When asked what she learned from this experience, her first words are quick: “The fragility of your reputation.” She shakes her head with what looks like regret. “I was really afraid that the headlines would hurt my reputation.” She wasn’t wrong to be afraid.
After the original article came out, another quickly followed in the New York Post with the headline “Everything Gives You Cancer” in which the author raked Adigun over the coals. The author wrote, “Recently women were warned that the UV light used to dry gel manicures causes skin cancer,” before stating that Adigun’s research wasn’t research at all (misunderstanding the purpose of a literature review), and that Adigun backpedaled her warning when she said that the risk was “low. Not zero, but low.” But here’s the problem: the writer hid the fact that it was her own newspaper that gave the cancer warning with its screaming headlines in the first place.

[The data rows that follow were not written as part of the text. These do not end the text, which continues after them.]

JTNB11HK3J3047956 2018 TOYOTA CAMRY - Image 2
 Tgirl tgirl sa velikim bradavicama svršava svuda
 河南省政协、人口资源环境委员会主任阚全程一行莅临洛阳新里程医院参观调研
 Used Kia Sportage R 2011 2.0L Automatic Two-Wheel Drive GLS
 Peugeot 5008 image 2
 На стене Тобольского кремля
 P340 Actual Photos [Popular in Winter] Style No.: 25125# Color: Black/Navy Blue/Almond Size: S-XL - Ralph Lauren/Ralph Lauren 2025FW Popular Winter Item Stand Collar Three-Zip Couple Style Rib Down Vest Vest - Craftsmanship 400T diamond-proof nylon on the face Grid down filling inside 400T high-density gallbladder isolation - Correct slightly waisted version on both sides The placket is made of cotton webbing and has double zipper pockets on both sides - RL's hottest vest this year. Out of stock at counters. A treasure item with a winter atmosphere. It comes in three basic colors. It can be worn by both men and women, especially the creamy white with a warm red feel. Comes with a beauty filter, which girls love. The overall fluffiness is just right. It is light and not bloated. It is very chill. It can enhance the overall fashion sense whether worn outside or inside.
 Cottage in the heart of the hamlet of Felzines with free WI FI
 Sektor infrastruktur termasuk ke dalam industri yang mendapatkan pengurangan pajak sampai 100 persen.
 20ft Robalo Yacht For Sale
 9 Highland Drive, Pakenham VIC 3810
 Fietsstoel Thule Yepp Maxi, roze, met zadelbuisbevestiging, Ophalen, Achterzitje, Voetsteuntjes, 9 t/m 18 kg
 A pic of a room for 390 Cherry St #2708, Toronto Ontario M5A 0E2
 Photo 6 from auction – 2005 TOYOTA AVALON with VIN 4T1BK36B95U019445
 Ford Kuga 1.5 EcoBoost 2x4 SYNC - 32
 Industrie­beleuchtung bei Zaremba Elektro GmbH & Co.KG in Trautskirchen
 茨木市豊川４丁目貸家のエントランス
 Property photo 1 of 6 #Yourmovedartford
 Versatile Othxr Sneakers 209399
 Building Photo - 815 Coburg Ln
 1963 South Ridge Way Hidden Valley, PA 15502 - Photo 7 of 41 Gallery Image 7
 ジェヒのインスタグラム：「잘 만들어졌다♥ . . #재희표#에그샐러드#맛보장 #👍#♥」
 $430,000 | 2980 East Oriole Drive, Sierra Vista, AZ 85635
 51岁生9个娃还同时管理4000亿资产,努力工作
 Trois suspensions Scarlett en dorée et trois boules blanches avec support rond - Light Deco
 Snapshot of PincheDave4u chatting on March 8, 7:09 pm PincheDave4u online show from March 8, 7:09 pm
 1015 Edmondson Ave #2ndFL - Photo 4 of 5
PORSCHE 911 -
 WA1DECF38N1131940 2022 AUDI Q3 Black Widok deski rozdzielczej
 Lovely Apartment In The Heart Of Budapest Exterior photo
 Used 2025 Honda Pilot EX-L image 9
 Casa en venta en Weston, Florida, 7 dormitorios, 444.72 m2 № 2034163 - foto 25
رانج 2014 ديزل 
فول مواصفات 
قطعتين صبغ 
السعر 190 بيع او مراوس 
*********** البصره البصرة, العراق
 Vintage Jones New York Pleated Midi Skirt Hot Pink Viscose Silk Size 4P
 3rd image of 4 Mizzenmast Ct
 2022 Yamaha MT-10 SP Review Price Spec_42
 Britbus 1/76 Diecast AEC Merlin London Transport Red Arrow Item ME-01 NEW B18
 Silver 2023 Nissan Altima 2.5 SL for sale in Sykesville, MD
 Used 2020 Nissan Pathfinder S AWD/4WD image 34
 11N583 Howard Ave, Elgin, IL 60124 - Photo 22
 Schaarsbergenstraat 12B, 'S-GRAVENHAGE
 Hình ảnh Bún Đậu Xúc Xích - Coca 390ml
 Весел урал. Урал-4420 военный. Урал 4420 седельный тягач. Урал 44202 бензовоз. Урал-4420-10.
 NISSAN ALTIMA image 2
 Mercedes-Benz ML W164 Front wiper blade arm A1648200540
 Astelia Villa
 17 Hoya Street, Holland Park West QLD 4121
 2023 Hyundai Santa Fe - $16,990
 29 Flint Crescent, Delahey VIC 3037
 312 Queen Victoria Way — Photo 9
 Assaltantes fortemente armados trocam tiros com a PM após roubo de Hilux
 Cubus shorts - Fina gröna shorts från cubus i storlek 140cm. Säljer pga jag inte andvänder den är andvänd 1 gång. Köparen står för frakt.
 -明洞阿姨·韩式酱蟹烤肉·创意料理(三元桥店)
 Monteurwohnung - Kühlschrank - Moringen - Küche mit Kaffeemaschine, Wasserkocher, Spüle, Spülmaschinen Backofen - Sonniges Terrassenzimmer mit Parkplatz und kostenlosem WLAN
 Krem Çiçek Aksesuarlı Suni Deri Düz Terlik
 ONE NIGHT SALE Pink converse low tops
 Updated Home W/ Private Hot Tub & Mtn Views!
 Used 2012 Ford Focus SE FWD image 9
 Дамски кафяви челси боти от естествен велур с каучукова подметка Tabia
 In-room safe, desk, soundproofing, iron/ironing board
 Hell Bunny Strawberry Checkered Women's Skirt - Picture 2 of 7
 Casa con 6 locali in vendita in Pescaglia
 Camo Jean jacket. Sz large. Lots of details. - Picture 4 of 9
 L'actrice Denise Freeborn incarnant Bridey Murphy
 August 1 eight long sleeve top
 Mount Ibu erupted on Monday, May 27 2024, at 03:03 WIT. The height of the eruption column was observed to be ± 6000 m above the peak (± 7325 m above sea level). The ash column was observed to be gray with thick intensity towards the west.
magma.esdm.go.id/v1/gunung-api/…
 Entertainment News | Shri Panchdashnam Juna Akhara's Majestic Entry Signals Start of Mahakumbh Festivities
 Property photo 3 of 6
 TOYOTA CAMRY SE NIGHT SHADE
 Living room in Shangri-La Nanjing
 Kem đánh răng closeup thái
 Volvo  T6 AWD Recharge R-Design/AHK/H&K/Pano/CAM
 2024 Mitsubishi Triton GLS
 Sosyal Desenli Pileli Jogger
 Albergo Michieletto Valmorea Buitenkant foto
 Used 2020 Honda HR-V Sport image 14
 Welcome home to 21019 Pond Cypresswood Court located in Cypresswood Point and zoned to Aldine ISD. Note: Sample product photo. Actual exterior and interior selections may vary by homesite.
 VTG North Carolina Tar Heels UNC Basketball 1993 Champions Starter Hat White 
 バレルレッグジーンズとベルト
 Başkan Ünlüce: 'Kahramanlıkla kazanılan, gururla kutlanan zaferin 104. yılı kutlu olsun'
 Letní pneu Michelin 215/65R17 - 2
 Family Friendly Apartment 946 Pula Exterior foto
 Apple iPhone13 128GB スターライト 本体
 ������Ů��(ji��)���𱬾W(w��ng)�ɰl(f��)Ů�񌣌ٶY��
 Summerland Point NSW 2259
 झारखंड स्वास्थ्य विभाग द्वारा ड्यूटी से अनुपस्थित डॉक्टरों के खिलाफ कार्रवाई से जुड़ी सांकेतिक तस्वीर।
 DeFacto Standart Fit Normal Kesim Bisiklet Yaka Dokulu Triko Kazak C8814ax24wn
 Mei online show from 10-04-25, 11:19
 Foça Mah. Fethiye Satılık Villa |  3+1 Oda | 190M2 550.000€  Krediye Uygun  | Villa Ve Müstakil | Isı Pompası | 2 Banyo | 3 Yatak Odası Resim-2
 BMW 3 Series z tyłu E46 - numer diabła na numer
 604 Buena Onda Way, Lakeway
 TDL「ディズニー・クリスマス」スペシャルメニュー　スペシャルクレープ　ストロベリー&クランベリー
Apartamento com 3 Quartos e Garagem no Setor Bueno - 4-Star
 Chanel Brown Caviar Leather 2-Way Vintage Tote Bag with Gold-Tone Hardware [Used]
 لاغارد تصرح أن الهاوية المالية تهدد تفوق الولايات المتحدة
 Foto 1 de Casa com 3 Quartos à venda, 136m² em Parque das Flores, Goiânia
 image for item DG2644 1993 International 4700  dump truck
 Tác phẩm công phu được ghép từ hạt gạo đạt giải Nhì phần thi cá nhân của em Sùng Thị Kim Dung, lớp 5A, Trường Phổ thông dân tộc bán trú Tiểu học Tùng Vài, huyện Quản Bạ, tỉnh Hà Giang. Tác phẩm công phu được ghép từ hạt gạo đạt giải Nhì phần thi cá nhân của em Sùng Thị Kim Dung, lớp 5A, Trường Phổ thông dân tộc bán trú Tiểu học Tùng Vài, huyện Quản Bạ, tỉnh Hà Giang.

Reviewing these articles again, Adigun is reminded how often “fear is so easily exploited.” She can’t believe how much journalists would “use cancer to create fear for the media’s gain and use that fear to control people. That was most upsetting to me.”
Adigun is clear-eyed about her job now. “The only thing I can do is to continue in my work as a physician and a scholar and do the best I can to educate my patients and the media,” she says. “The rest I have no control over.”
It’s not just about the stories. Journalism is also about who is telling them.